Hybrid Innovation at TenneT
by Otto Jager, Group Treasurer, TenneT
TenneT is the high voltage grid operator of the Netherlands, with over 90% of revenues derived from regulated business. On 10 November 2009, TenneT announced the acquisition of the German high voltage grid of operator Transpower (formerly the high voltage grid of E.ON) for an agreed enterprise value of EUR885m. The acquisition creates Europe’s first cross-border TSO. In 2008, the company recognised that it was embarking on a period of expansion, and sought to introduce specialist financing experience into the team. As a result, Otto Jager joined TenneT as Group Treasurer in 2008 following a career in banking.

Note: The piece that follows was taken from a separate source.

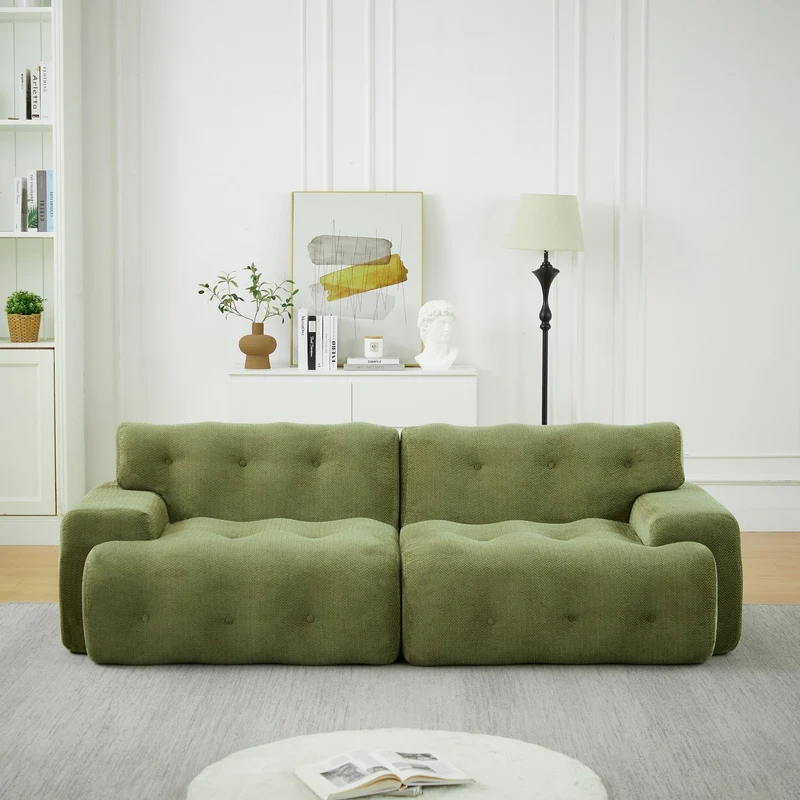 Canapé 3 places en chenille vert, design nuage moderne 224 cm SCANDINAVIANMARBLEMA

E.ON’s divestment of its high voltage business, Transpower, created a significant opportunity for TenneT to pursue its strategy for European integration of high voltage grids. The company had already established links with grids in Norway, Belgium, Germany and UK, but an international acquisition would be a major step in achieving its integration ambitions. However, it was immediately apparent that financing would be a hurdle to achieving this. In 2008, mergers and acquisitions had declined sharply, and deals that remained were difficult and expensive to conclude. To achieve the acquisition of Transpower, TenneT knew that it was likely to require up to EUR1bn in financing.
As a state-owned business, TenneT’s equity capital is owned by the State of the Netherlands, but its debt obligations are not guaranteed by the State. In line with Dutch government policy applicable to its corporate shareholdings, the company aims to maintain an A-range credit rating. The company could not simply borrow the full amount it required in the capital markets and maintain its rating, and therefore needed to strengthen its balance sheet through equity. TenneT’s senior management embarked on discussions with its shareholder regarding the supply of equity capital, but the timing of these discussions was inauspicious, with the country experiencing the effects of an economic downturn and a growing budget deficit. Consequently, the company entered into a special arrangement with the Dutch government which guaranteed an equity contribution equivalent to EUR300m from a foundation that holds funds on the company’s behalf. In addition, the company issued a EUR500m hybrid bond, providing 50% ‘equity credit’ from a rating agency perspective, to enable the company to maintain its rating. This provided the majority of the financing required to cover the EUR885m acquisition price and the remainder was financed through debt.